§ Work to be completed
Without the pictures, copy all of the data exactly.

§ Data segment
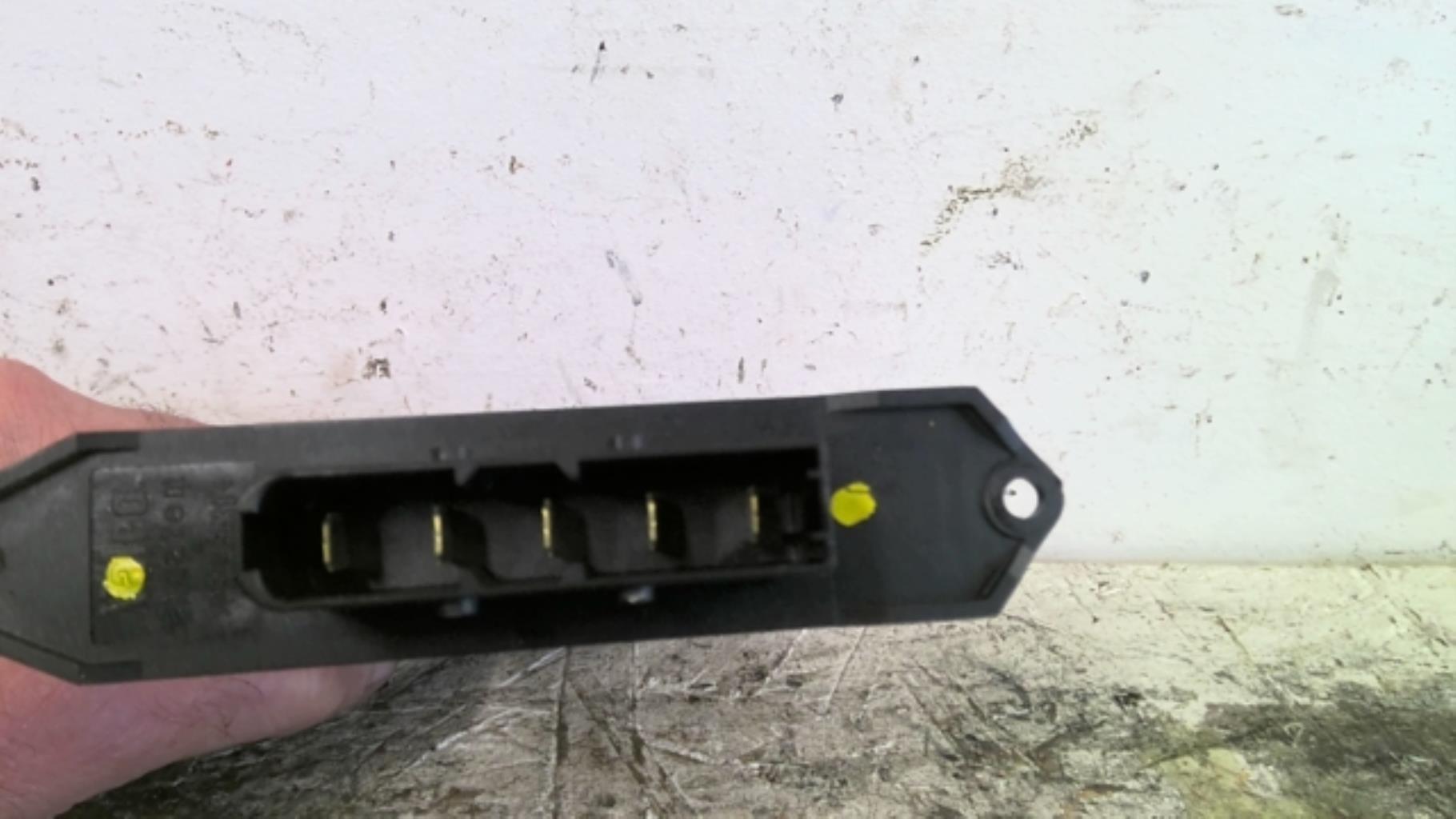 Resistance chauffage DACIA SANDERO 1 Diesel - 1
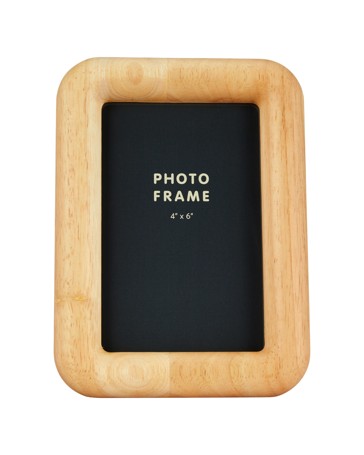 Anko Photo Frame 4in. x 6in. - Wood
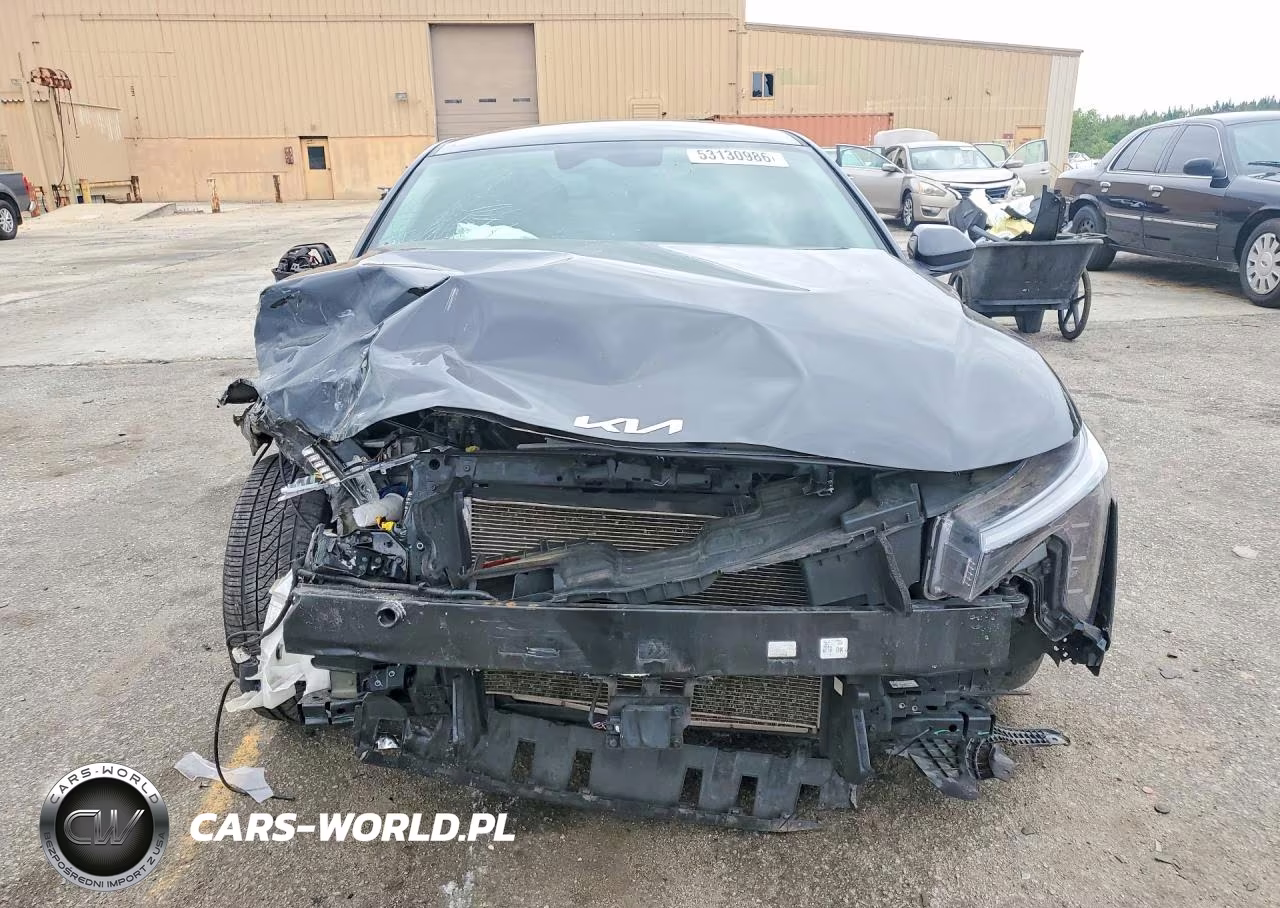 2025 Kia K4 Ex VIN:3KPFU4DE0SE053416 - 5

§ Written solution
 Resistance chauffage DACIA SANDERO 1 Diesel - 1
 Anko Photo Frame 4in. x 6in. - Wood
 2025 Kia K4 Ex VIN:3KPFU4DE0SE053416 - 5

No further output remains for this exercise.